Haley Bordo

Degree Type


Degree Name

Master of Arts (MA)




David L. Clark


This study treats the "feminism" of Anna Laetitia Barbauld (1743-1825), a middle class English woman who is notably responsible for refashioning children's literature and for advocating the teaching of conformity in childhood education. Though her work has been relatively unexplored, Barbauld was one of the most versatile and prolific writers of her time. This thesis explores what proves to be her most pivotal text, "Washing-Day" (1797), a poem that is particularly indicative of Barbauld's "feminist" and poetic ingenuity. I begin with an introductory chapter that discusses the exclusion of Barbauld and her female Romantic counterparts from public discourse. In this discussion, I consider strategies for integrating these "new" poets into literary studies, and suggest that we must read their texts closely-which entails isolating the ambivalences and self-differences wherein the breath of the poetry subsists.

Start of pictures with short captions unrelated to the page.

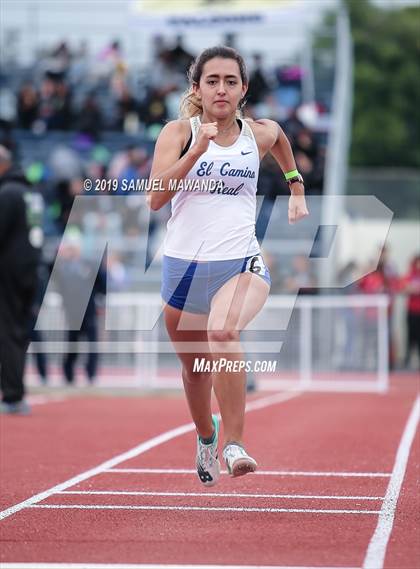 Thumbnail 3 in CIF-LACS Preliminaries photogallery.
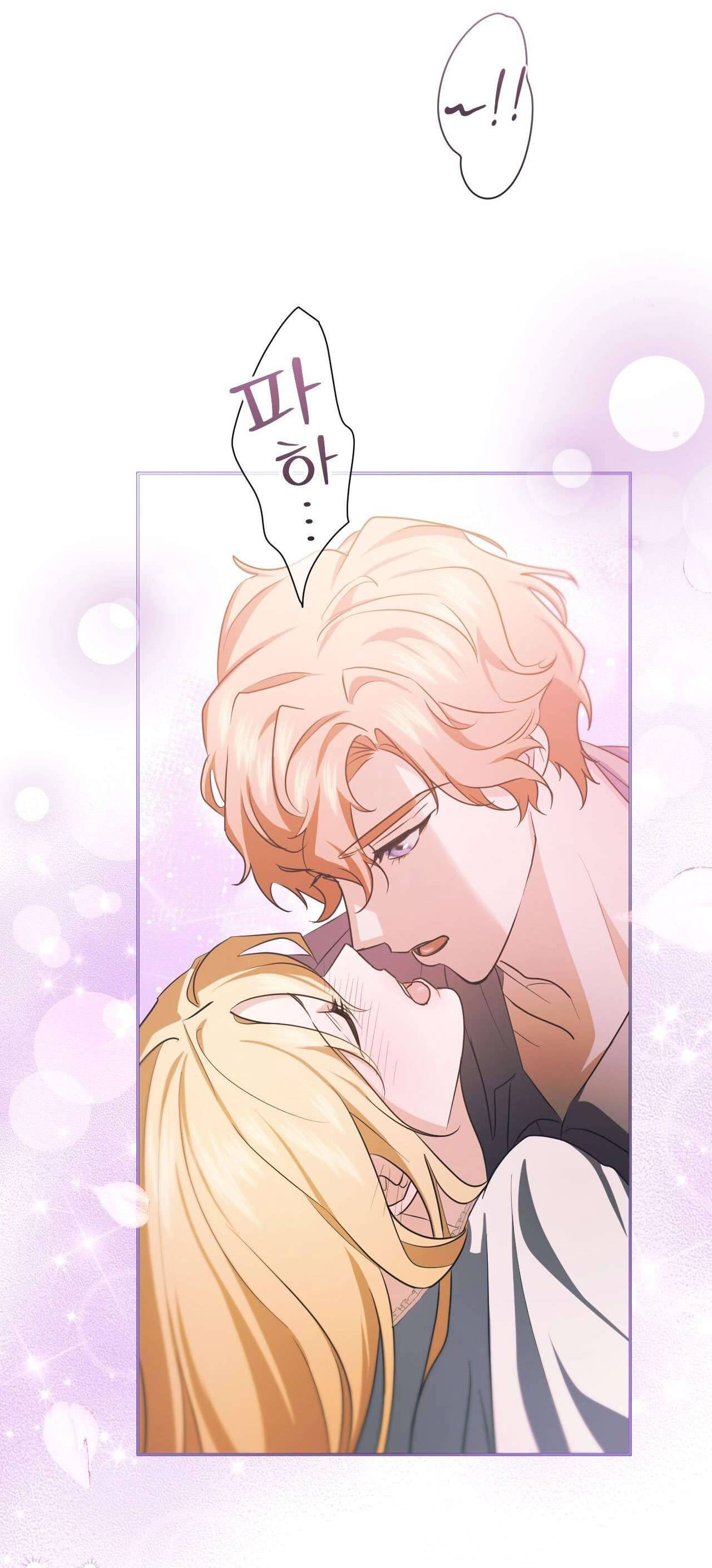 Thánh Nữ Giả Muốn Bỏ Trốn Chap 19 - Trang 4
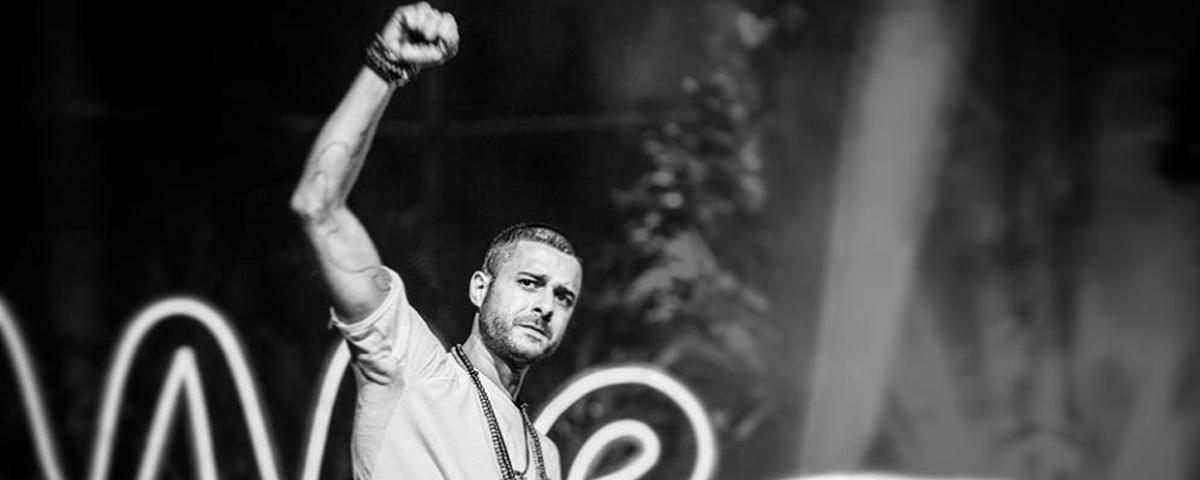 Esse final de semana tem a 3ª Festa Unity, evento solidário na luta contra o câncer!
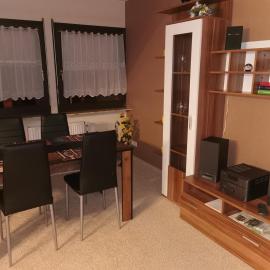 Ferienwohnung Anna, hotel di Monplaisir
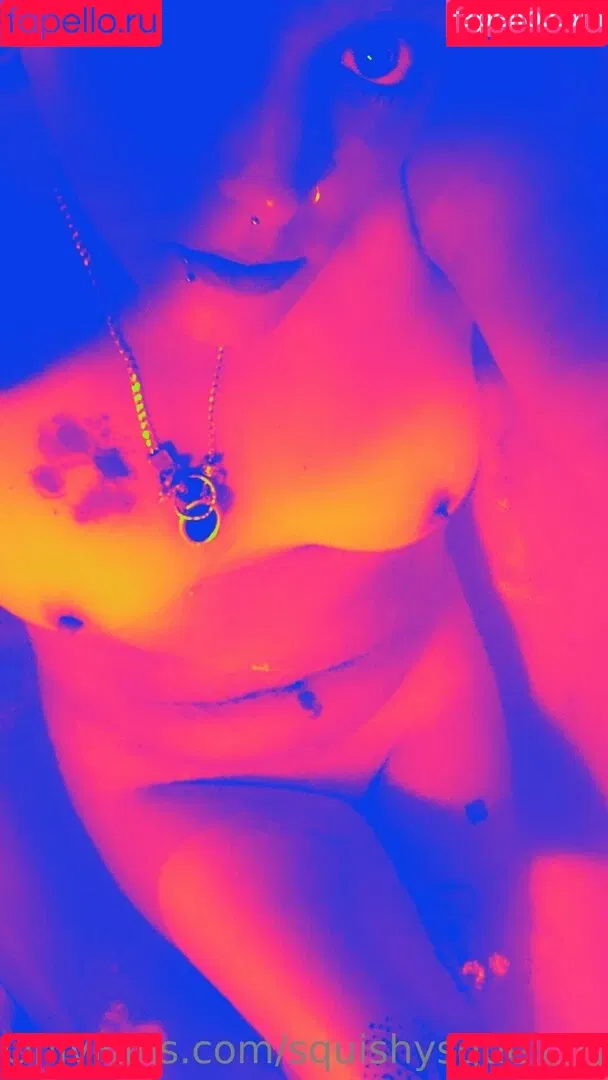 squishysquelchy Onlyfans Photo Gallery 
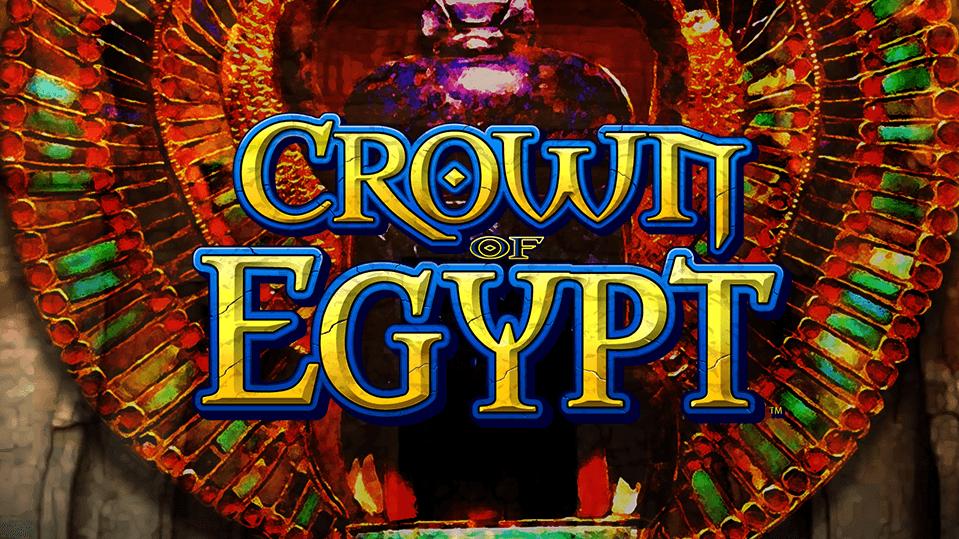 Crown of Egypt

I then turn to a tropological manoeuver inherent in Barbauld's poetry, which I have called "interruption," and examine how this manoeuver operates within and without "Washing-Day." In Chapter One, I theorize the "breath" of "Washing-Day"-that is, how Barbauld performs and occupies the texts of her forefathers in the process of authorizing herself to write. The second chapter circles back to the poem's beginning and analyzes Barbauld's "interruption" of patriarchal texts and discourses. Having worked through the poem in two close analyses, I arrive at the conclusion that Barbauld's feminism is performative, that it tacitly operates at the level-or movement-of difference.